_Input data:_

-- Opening Marker --

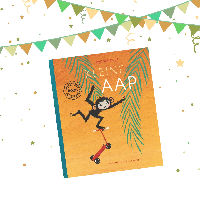 Kleintje Bieb Special: Kleine Aap met gebaren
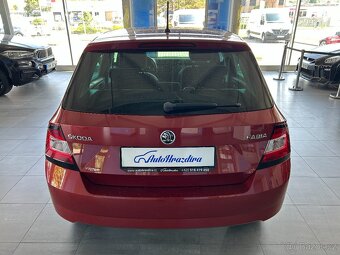 Škoda Fabia 3 1.2 TSI 81kW,SERVISKA,STYLE - 5
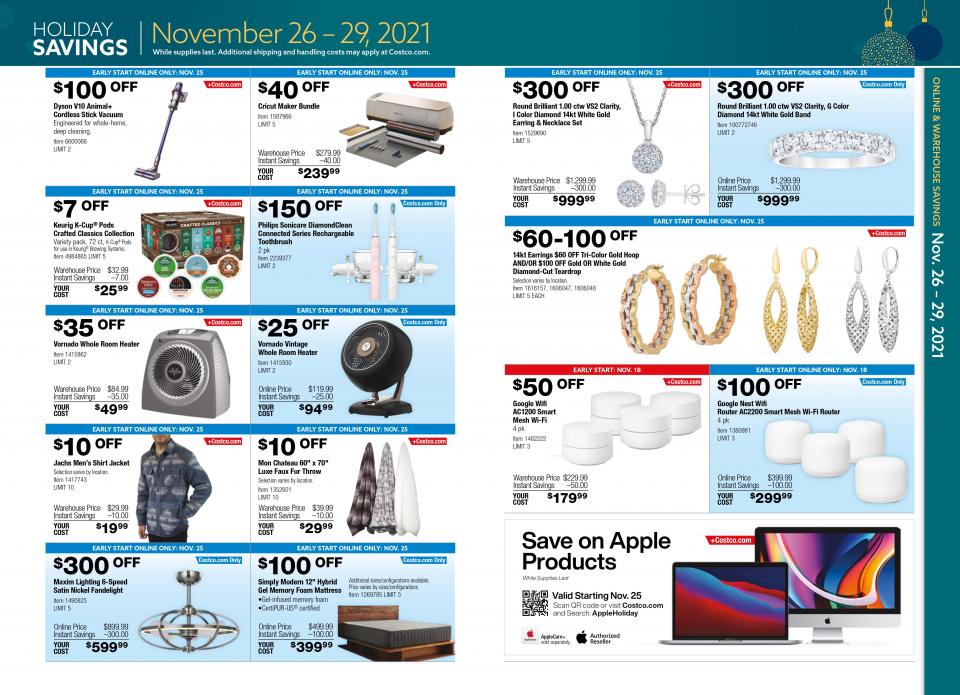 Costco Ad page 14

-- Closing Marker --

Find the line that has "Škoda Fabia 3" in the listing, then retype it and each later line up to the last, exactly. Leave pictures out.

 Škoda Fabia 3 1.2 TSI 81kW,SERVISKA,STYLE - 5
 Costco Ad page 14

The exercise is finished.